I like its can-do all-American spirit. I like the puppet sex scenes. I like the montages. I like its healthy attitude to foreign cultures. I like the uncharacteristically un-wooden performance by Matt Damon. And of course I love the songs – Everybody Has Aids; America: Fuck Yeah! [which I think should replace the Star Spangled Banner as the new, alternative US national anthem, once Obama has gone] and, of course, its moving, sensitive account of how it must feel to be the hated leader of the world’s most crackpot Stalinist state, I’m So Ronery.

So I’m very sorry to hear that Paramount has gone and done that most un-American thing and capitulated in the face of the enemy by banning the film from being screened in movie theatres as a replacement for that film Sony has just withdrawn, The Interview.

Paramount was apparently keen to avoid going the way of Sony and having its dirty laundry aired in public by crack teams of North Korean hackers. But I think it missed a trick here. Rather than ban the film, all it needed to do was drop a line to the North Korean Ministry of Information explaining that Team America, far from being a celebration of American values, is in fact a piece of viciously anti-American agit-prop right up there with the collected works of Michael Moore, Spike Lee and Naomi Klein.

Admittedly that’s not how I watch it. When I watch Team America I watch it straight (as I do Starship Troopers).

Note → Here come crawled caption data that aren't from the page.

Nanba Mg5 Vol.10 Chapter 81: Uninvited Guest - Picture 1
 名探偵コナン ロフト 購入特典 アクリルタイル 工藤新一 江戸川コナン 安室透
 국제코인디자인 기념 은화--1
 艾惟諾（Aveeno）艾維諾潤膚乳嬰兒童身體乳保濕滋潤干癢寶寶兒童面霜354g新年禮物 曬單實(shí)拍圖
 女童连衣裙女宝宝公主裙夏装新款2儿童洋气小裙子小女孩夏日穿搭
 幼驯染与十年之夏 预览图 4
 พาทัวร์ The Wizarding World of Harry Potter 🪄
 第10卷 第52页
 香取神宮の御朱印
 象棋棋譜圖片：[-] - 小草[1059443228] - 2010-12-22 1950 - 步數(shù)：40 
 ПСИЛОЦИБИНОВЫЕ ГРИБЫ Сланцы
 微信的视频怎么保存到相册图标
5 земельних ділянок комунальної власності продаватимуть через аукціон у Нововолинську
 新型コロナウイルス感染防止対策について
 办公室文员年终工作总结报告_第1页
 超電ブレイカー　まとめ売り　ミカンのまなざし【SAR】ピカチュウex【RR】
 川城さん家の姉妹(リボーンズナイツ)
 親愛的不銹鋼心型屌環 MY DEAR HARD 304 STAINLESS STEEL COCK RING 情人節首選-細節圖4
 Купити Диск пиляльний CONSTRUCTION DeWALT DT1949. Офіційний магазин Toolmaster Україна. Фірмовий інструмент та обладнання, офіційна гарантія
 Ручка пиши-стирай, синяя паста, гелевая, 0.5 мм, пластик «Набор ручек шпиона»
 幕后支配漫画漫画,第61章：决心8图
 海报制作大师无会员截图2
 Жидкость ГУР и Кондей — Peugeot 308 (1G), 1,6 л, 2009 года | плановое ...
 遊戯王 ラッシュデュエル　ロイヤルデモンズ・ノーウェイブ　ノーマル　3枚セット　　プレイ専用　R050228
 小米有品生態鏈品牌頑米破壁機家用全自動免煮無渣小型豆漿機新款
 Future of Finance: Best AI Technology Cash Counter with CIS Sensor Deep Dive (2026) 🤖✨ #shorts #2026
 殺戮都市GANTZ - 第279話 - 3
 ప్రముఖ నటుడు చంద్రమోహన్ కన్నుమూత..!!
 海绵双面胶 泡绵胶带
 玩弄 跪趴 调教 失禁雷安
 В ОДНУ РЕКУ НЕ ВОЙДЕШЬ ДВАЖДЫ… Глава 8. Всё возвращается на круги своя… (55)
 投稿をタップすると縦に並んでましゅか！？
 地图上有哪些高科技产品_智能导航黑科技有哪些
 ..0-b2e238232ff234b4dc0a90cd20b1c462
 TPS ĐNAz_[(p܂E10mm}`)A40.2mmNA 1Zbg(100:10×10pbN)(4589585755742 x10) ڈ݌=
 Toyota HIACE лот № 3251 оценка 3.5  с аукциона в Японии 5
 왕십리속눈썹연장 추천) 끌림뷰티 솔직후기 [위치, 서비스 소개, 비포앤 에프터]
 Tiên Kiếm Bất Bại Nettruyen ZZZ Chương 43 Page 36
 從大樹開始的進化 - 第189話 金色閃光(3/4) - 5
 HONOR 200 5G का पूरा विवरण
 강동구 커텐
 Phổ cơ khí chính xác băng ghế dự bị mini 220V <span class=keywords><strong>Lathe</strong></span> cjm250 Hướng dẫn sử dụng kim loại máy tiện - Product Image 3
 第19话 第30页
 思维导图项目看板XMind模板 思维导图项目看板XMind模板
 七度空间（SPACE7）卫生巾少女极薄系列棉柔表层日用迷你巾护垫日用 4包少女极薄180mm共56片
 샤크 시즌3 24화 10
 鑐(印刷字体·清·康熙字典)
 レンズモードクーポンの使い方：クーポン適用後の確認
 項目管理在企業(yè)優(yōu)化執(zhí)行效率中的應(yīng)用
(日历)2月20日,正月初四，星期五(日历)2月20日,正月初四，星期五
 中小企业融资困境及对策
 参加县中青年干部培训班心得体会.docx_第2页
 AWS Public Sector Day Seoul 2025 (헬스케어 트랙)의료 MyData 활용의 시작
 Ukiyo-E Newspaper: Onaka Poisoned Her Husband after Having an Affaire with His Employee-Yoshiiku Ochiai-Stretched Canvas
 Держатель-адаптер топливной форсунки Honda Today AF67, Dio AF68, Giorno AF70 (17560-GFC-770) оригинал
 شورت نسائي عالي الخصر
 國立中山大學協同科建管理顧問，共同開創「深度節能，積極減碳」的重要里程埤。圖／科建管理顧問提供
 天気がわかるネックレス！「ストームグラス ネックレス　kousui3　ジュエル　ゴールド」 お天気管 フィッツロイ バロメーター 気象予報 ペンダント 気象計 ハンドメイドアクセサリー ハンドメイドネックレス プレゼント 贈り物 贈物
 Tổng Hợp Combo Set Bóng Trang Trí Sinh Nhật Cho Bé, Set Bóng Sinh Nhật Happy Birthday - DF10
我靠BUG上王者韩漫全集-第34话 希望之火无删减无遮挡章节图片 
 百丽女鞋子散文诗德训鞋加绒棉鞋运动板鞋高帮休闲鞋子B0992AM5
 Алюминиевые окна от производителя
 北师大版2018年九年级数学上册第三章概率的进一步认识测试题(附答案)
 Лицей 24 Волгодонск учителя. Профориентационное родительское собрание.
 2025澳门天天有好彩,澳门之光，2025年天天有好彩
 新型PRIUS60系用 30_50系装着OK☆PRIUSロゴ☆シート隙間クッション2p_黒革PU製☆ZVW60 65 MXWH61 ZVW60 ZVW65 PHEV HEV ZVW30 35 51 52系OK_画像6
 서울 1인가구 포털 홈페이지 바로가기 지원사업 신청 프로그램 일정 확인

But that doesn’t mean that – for those who are interested in noticing that kind of thing – there isn’t a mildly subversive subtext in its sly, occasional hints that maybe the US isn’t the be-all and end-all of intelligence, sophistication, subtlety and deft foreign policy. Indeed, some might even argue that its very theme tune – America: Fuck Yeah! – is not to be taken at face value and that it hints at a gentle critique of gung-ho American imperialism.

The other reason I’m disappointed in Paramount is that I believe, au fond, almost everyone in Hollywood is at least twice as evil as the late Kim Jong Il or Kim Jong Un.

Though the Pyongyang regime comes in for a lot of stick for its human rights record, I think mankind owes it an enormous favour for leaking those emails in which senior Sony executives are caught out making inappropriate racial jokes about President Obama’s presumed movie tastes, and telling us what they really think about Angelina Jolie’s talents.

It certainly makes a pleasant change from all those gushing magazine features in which Angelina coyly reveals how tough it is trying to think up interesting new names for her latest adopted multi-ethnic kids while simultaneously dealing with Brad Pitt’s sex drive and spreading peace and harmony throughout the world while being the sexiest sex goddess in history and being a fantastically successful actress/director/future Nobel-Laureate.

In fact, when you think about it, Pyongyang and Hollywood have an awful lot in common. One day you’re the star of the show with your runaway hit Excellent Horse-Like Lady, the next you’re being fed into a cage of fifty starving dogs. Frankly they deserve each other.